Ce collectif est aussi un atout dans le programme viande de l’UPRA Lacaune, à travers les deux schémas de sélection Ovi-test et GID Lacaune. Le schéma GID Lacaune vise à améliorer la conformation et les qualités de carcasses tout en préservant les qualités maternelles de la race Lacaune. Quant au schéma Ovi-test, il vise un bon niveau de prolificité sans hyper-prolificité. La sélection génomique se met en place à travers le projet Ovigen : la population de référence se constitue progressivement, les femelles et mâles candidats sont analysés, un modèle de calcul est en cours d’élaboration.


La recherche continue d’avancer !

Sur l’année écoulée, l’UPRA Lacaune s’est beaucoup investie dans les projets de recherche et développement tels que le génotypage des femelles, l’émergence du GIEE Brebis Lacaune sélectionnées en chaleur naturelle, l’observatoire des anomalies génétiques en petits ruminants (projet national Presage), l’accompagnement génétique des éleveurs ovins laitiers en dehors des bassins traditionnels de production de lait de brebis (projet AGEDOR)... Mais aussi sur la valorisation du cuir à travers le projet A-Propos, un projet qui avance bien puisque les deux défauts identifiés de piqué de laine sont sous l’influence d’un fort déterminisme génétique : ils pourront donc être gommés grâce à la sélection... Ces avancées offrent de belles chances au projet de valorisation du cuir de la Lacaune, porté notamment par la mégisserie Alric et la ganterie de Millau.
De même sur la valorisation de la laine de la brebis Lacaune, de beaux projets se profilent et notamment l’implantation de la filature Colbert à Camarès que les participants à l’assemblée générale de l’UPRA Lacaune ont pu visiter sous la conduite du directeur, Jean-Philippe Lignon.
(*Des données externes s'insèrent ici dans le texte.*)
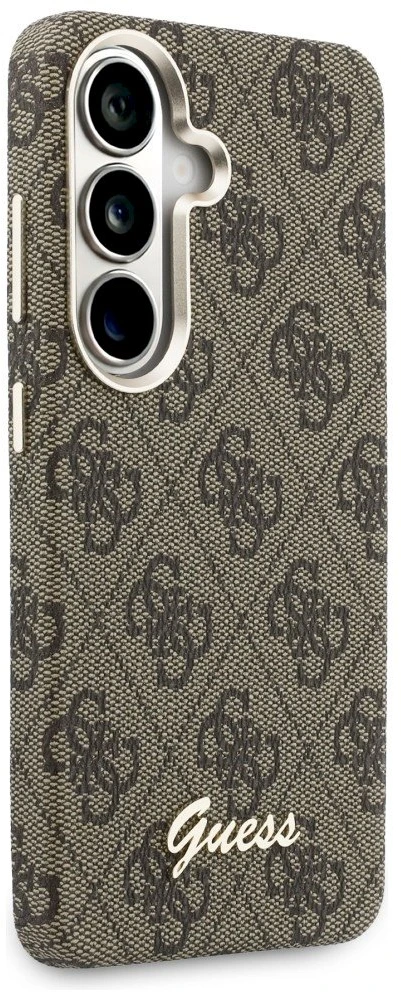 Guess PU 4G Script Metal Logo Magnetic dėklas skirtas Samsung Galaxy S26 rudos spalvos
Ce projet s’inscrit dans le collectif Tricolor, initié au niveau national pour la renaissance des filières de laines françaises. Il rassemble des éleveurs ovins, des transformateurs industriels, des acteurs de la création et de la distribution... L’idée étant de favoriser une sélection génétique en cherchant à se rapprocher des qualités de laines plus largement exploitables dans de nombreux domaines (habillement, mobilier, cosmétique, bâtiment...).  


Un nouveau site internet

Malgré la crise sanitaire et l’annulation de quelques rendez-vous, l’UPRA Lacaune a amplifié sa communication. Elle a notamment lancé un nouveau site internet : https://www.race-lacaune.fr. Elle anime également une page Facebook. Et a participé à divers événements de promotion : Tech Ovin en septembre, le Sommet de l’élevage en octobre... Elle reçoit de nombreuses délégations étrangères et intervient régulièrement dans des établissements scolaires auprès des jeunes (Ovinpiades, Concours de jugement d’animaux par les jeunes...). Elle sera bien sûr début juin, au rendez-vous de Provinlait, premier salon professionnel autour de la brebis laitière à Réquista.